Francis warned, “The worship of the ancient golden calf has returned in a new and ruthless guise in the idolatry of money and the dictatorship of an impersonal economy lacking a truly human purpose. The worldwide crisis affecting finance and the economy lays bare their imbalances and, above all, their lack of real concern for human beings; man is reduced to one of his needs alone: consumption. While the earnings of a minority are growing exponentially, so too is the gap separating the majority from the prosperity enjoyed by those happy few. This imbalance is the result of ideologies which defend the absolute autonomy of the marketplace and financial speculation. …In this system, which tends to devour everything which stands in the way of increased profits, whatever is fragile, like the environment, is defenseless before the interests of a deified market, which become the only rule.”
In a February 5, 2020 speech, Francis said, “the 50 richest people in the world have a fortune estimated at $2.2 trillion.

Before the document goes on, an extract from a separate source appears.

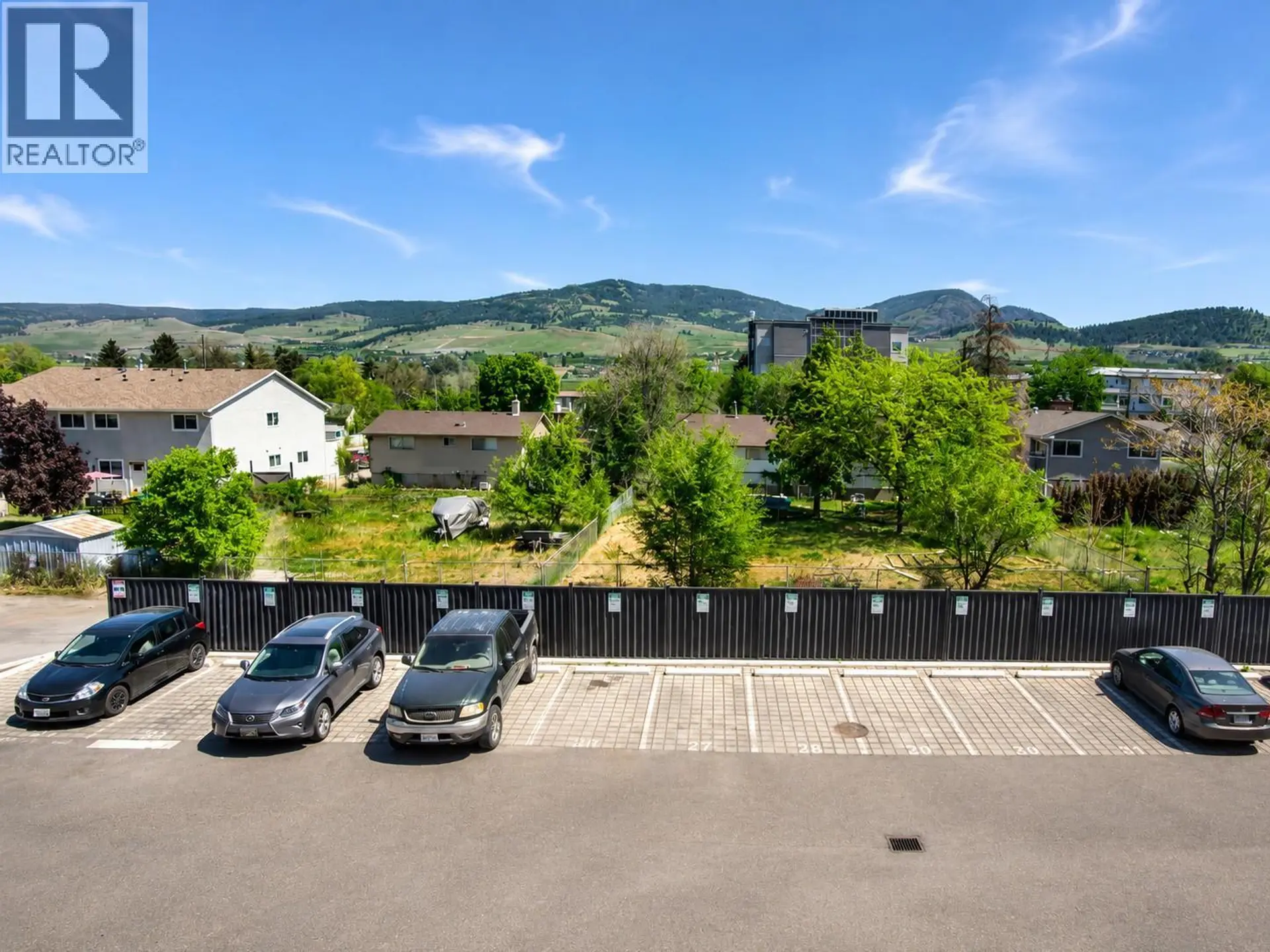 #218 345 Dougall Road N - Image 8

These 50 people by themselves could finance health care and education for every poor child in the world.” He denounced “repeated tax cuts for the wealthiest people” as the “structures of sin.”
Francis also tilted toward a pacifist view. “To be true followers of Jesus today also includes embracing his teaching about nonviolence, ”Francis said in a message for the celebration of the Fiftieth World Day of Peace, January 1, 2017. A 2022 Vatican document discouraged investing in the arms industry and quoted Francis contending that the mere possession of nuclear weapons is immoral. Francis called the war in Ukraine “sacrilegious.”

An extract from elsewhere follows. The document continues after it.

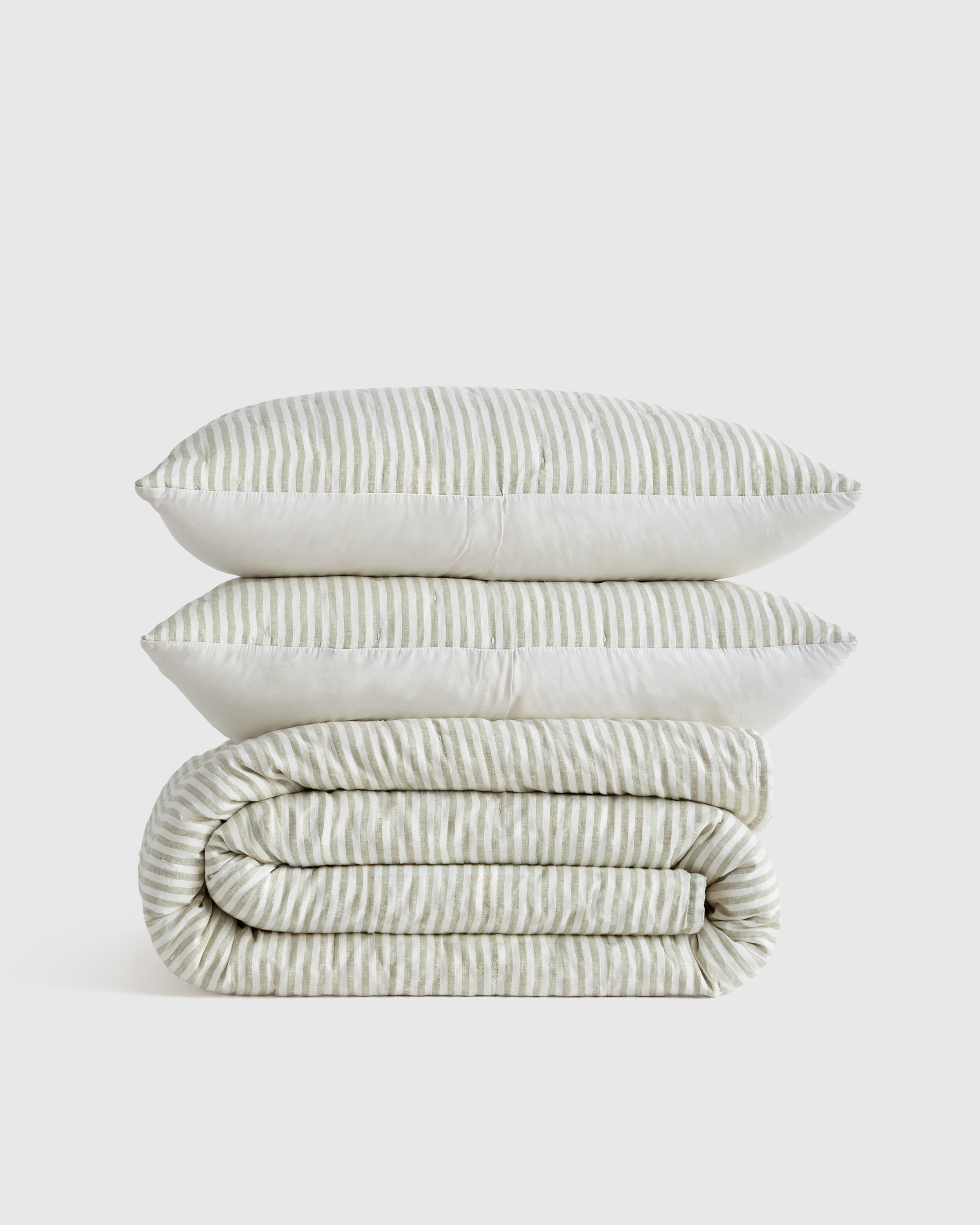 Willowleaf/White Stripe European Linen Patterned Quilt Set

As we noted in March 2024 at the Editors (“Pope Francis Takes Aim at the Profit Motive”), the Vatican released illustrations portraying “profit” as at odds with the “common good,” a message that sounds more like the latest rant from Oren Cass than something from a major American religion.

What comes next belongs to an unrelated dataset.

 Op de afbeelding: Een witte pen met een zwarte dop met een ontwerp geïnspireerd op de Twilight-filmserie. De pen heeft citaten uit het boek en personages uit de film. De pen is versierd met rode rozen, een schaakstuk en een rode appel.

Francis’s passing provides the Catholic Church an opportunity to adjust course—not to fit the latest political fashions or to avoid sometimes unpopular and timeless truths, but toward a more realistic understanding of the virtues and values of free markets and of the forces that defend them from their enemies. Those markets and armies protect religious liberty along with other freedoms. If the next Pope embraces them he will increase the likelihood that Catholicism in America returns to a trajectory of growth.
Where’s the deregulation? Donald Trump ran promising tax cuts and so far has delivered a tax increase in the form of tariffs but no tax cuts. He also ran promising deregulation and instead the business pages are full of stories like “The Federal Trade Commission's blockbuster antitrust case against Meta kicks off on Monday in a courtroom in Washington, D.C.” (April 13, 2025) and “The Justice Department is about to make its case for a Google breakup” (April 20, 2025).
Meta/Facebook/Instagram’s Mark Zuckerberg just bought a $23 million Washington, D.C. mansion, with a spokesman telling Politico that “will allow Mark to spend more time there as Meta continues the work on policy issues related to American technology leadership.” Amazon’s Jeff Bezos already bought his own $23 million D.C. house and also owns the Washington Post.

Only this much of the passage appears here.